---------- Data under study
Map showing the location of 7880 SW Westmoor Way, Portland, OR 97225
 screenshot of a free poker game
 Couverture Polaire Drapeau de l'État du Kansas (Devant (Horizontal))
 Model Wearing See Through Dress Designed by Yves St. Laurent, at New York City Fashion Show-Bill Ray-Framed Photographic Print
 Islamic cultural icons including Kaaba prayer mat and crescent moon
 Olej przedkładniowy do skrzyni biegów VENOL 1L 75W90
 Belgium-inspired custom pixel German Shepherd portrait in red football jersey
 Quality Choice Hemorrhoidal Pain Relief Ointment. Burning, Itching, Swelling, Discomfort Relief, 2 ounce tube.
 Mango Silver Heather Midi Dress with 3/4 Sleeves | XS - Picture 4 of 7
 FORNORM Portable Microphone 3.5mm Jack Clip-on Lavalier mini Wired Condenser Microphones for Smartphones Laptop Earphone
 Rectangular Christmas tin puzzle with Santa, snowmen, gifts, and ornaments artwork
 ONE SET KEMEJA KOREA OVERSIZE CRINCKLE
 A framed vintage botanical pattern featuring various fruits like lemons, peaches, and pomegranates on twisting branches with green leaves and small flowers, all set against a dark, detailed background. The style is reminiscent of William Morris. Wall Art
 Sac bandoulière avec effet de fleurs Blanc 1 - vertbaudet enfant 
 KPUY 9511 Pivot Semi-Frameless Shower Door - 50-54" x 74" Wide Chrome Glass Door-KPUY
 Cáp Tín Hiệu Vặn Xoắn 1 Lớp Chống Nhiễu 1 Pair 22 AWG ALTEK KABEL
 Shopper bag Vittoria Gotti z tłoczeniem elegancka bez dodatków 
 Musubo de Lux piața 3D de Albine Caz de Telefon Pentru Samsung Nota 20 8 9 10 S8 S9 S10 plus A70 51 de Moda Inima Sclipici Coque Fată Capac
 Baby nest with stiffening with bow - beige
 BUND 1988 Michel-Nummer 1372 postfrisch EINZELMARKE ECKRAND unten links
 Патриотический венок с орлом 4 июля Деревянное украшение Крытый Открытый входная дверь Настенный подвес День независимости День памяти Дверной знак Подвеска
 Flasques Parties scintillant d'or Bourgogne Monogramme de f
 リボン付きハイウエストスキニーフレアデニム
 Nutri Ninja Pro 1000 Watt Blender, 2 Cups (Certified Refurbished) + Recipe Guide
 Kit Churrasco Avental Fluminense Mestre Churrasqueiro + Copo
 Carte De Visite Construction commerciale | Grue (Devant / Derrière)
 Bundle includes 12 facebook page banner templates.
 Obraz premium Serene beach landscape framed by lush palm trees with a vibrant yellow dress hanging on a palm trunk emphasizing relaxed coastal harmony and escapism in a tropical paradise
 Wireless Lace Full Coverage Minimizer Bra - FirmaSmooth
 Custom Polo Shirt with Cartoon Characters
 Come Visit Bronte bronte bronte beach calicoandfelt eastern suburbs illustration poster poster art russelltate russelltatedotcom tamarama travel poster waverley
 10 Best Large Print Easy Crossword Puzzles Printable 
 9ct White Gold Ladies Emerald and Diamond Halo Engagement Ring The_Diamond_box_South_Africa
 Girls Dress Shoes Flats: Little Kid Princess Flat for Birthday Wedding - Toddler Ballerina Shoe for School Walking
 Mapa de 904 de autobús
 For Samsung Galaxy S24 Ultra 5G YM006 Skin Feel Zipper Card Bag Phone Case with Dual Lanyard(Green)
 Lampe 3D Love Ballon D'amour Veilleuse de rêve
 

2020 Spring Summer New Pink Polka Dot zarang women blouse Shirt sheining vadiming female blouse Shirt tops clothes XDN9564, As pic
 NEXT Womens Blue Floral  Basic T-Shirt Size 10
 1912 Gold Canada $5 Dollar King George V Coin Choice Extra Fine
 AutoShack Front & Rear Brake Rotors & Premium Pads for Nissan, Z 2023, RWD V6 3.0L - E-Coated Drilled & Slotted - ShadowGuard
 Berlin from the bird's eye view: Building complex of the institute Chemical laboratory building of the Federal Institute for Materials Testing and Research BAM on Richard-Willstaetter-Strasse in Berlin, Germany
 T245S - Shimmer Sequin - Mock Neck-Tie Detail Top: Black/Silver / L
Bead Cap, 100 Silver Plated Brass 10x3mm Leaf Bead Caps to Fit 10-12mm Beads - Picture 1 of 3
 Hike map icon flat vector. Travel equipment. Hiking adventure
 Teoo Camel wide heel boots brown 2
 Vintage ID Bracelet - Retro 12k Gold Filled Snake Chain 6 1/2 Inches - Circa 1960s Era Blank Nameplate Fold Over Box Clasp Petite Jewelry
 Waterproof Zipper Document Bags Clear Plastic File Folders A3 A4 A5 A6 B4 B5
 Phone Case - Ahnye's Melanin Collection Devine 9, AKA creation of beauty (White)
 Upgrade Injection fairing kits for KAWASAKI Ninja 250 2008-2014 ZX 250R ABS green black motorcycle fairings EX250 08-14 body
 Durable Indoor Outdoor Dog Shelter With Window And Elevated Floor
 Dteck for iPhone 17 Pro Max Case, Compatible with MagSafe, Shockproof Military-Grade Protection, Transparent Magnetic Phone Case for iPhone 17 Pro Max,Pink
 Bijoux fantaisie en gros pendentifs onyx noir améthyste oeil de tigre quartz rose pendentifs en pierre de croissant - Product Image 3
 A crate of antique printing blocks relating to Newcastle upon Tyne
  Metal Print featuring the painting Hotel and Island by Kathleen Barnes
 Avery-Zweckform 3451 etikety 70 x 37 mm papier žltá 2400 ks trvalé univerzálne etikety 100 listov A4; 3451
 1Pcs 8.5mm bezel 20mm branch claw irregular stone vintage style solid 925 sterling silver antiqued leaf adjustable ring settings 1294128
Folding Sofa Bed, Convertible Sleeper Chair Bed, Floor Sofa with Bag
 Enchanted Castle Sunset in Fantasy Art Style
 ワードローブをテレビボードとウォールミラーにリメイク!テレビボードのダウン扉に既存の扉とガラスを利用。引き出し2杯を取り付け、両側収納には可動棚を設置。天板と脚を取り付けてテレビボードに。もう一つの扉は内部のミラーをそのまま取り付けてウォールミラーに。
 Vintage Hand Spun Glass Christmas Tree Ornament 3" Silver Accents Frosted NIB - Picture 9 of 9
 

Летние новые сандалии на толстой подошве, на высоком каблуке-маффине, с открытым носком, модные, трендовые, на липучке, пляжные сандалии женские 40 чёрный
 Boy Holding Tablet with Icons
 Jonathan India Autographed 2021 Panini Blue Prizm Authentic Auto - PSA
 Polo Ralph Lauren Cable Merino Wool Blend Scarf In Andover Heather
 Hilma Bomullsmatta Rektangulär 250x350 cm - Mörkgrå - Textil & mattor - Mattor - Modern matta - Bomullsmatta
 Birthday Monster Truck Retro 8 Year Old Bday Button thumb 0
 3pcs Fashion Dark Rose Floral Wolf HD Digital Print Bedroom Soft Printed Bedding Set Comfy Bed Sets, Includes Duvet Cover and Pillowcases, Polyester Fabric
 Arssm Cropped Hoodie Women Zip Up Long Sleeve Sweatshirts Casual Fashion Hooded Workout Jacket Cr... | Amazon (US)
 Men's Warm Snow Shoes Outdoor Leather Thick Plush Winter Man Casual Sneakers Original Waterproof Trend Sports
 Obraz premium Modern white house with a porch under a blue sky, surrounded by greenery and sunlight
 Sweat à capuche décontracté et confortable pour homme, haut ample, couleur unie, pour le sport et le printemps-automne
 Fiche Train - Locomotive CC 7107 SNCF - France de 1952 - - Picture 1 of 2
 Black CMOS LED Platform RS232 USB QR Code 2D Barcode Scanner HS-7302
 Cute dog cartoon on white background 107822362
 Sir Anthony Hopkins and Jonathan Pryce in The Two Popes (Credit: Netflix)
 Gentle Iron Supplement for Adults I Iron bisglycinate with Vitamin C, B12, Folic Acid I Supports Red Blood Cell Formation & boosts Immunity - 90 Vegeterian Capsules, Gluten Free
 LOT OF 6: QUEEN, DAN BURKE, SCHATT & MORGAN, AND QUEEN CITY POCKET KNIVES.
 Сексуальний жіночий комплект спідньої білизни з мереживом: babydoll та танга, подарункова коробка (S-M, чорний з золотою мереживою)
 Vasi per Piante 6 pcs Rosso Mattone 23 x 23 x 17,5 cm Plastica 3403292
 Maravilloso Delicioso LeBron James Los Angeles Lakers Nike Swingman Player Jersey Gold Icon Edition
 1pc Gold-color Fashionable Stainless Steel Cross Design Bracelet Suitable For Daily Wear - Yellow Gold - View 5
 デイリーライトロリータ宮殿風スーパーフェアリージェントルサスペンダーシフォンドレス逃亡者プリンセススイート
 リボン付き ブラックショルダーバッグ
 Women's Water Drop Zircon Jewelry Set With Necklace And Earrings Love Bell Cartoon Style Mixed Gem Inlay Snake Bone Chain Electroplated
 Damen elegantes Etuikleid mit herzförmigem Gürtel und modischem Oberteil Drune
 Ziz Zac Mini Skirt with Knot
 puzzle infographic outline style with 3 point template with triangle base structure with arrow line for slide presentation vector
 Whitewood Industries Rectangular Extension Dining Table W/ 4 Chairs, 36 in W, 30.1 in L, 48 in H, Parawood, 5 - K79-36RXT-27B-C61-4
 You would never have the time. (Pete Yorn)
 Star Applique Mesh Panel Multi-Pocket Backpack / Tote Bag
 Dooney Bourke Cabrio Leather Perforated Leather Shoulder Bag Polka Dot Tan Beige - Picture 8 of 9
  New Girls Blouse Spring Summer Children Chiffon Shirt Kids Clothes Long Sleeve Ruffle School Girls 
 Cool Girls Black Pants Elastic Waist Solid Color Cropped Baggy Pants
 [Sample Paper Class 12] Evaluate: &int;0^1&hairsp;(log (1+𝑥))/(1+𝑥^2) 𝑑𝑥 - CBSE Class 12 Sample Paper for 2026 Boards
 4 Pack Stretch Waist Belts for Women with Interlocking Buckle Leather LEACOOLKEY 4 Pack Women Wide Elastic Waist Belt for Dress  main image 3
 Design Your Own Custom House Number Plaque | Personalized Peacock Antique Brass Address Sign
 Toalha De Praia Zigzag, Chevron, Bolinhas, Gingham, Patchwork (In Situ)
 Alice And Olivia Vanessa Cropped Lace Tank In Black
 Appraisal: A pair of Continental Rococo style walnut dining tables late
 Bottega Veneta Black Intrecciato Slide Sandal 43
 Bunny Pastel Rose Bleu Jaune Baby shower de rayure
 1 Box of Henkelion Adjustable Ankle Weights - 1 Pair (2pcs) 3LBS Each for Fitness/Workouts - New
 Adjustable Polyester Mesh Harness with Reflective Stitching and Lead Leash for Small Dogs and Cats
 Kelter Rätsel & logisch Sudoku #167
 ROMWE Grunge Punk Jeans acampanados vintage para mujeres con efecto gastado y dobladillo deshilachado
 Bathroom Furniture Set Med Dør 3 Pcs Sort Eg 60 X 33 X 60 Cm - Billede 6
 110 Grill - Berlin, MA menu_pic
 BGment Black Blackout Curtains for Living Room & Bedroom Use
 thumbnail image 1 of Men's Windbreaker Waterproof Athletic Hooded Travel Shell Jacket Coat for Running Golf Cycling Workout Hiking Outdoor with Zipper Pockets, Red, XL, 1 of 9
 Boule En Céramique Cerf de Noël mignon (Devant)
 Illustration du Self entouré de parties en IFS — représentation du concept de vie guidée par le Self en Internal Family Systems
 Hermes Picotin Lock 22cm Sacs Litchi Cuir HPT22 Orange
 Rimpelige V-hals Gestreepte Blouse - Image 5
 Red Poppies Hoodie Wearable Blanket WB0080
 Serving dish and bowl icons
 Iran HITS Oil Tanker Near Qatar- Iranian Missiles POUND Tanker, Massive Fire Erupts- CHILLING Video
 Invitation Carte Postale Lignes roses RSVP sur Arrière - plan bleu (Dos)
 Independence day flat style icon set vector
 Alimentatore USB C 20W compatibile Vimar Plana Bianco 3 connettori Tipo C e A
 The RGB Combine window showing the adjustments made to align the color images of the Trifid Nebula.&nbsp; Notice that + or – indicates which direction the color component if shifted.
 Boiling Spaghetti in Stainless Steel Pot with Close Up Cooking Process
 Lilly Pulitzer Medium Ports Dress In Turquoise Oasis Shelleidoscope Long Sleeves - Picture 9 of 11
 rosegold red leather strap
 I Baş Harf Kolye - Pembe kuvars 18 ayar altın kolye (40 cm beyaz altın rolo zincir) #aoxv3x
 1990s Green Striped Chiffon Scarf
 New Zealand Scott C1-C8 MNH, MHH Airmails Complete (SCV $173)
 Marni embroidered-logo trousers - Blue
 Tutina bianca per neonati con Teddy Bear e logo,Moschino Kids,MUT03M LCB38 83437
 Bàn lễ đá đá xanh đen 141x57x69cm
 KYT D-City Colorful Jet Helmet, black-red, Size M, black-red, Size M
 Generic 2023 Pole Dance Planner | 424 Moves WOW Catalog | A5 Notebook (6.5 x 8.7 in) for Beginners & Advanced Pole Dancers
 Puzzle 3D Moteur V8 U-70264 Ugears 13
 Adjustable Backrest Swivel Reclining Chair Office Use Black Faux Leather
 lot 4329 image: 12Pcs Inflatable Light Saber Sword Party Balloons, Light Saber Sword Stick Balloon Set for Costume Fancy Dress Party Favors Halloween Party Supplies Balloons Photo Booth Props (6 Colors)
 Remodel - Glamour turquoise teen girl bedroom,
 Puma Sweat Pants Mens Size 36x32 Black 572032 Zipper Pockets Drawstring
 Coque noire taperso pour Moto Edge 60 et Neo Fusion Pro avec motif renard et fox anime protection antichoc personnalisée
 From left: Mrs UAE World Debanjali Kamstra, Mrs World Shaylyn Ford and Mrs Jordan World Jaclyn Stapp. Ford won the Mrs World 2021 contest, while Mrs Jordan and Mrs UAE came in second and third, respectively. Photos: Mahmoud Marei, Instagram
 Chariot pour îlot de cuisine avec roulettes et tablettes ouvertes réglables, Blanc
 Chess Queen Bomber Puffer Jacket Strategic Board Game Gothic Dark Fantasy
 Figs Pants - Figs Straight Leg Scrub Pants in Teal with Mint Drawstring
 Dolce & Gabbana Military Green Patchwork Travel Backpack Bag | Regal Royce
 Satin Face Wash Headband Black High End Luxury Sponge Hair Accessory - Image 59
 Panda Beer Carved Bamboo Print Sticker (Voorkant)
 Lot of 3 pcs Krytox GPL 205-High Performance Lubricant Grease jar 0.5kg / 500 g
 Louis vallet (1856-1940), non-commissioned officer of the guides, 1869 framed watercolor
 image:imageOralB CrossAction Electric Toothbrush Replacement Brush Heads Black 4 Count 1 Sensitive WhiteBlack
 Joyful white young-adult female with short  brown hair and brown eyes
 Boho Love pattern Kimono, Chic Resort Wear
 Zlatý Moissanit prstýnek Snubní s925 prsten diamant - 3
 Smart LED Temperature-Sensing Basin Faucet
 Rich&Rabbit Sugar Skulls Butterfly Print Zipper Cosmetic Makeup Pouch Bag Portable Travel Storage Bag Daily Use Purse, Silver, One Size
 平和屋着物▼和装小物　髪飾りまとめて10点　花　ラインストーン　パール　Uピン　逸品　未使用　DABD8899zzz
--------------------
* **Work instruction**:
At the first line of the material above, start reproducing each line exactly, and end with the line that holds "Couverture Polaire Drapeau", adding nothing.

* **Your response**:
Map showing the location of 7880 SW Westmoor Way, Portland, OR 97225
 screenshot of a free poker game
 Couverture Polaire Drapeau de l'État du Kansas (Devant (Horizontal))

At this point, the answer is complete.